First, the navigator identifies the limits of safe, navigable water and
determines a bearing to a prominent landmark. This bearing is marked as
"No More Than" (NMT) or "No Less Than" (NLT), depending on
which side is safe. Hatching is included on the side that is hazardous,
along with its compass bearing.
When a distance instead of a direction is used a
danger range is plotted much the same way as the danger bearing.

Turn Bearing
The Turn bearing - like the danger
bearing - is constructed in the chart in advance. It should be used as a
means of anticipation for sailing out of safe waters (again like the
danger bearing and dead reckoning). The turn bearing is taken on an
appropriate navaid and is marked 'TB'. As you pass the object its
bearing will slowly change.
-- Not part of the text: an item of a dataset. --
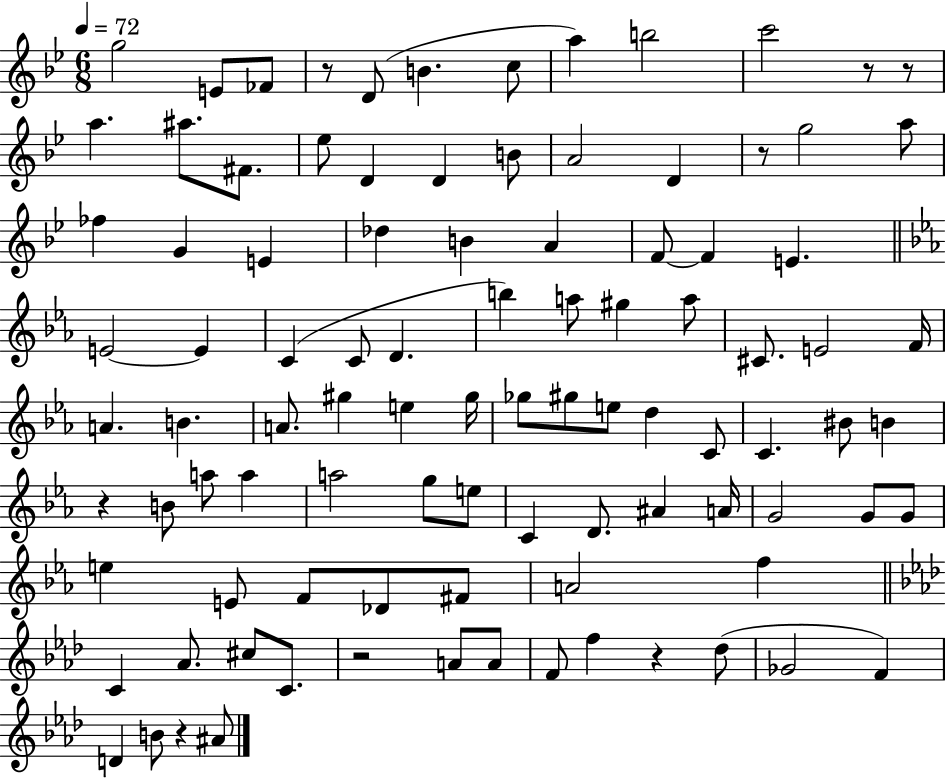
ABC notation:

When it reaches the Turn bearing turn the
vessel on her new course.
This type of bearing is also used for selecting an anchorage position or
diving position.
Snellius Construction
Willebrord Snellius - a 16th century
mathematician from Leiden NED - became famous for inventing the loxodrome
and his method of triangulation.
The Snellius construction was first used to
obtain the length of the meridian by measuring the distance between two
Dutch cities.
He took angles from and to church towers of villages in between to reach
his objective. We now can use the Snellius method to derive our position
from three bearings without the use of LOP's. We can leave out deviation
and variation, which simplifies things. Also, since only relative angles
are needed a sextant can be used to measure navigation aids at greater
distances.
The construction:
-
Compass bearings are 320° on A, 360°
on B and 050° on object C.
-
The angle between A and B = 40°.
-
The angle between B and C = 50°.
-
Draw lines from A to B and from B to
C.
-
Add the two perpendicular bisectors
(yellow) of lines AB and BC.
-
Draw at object A a construction line
(blue) 40° inland of line AB.
-
Draw at object C a second construction
line (blue) 50° inland of line CB.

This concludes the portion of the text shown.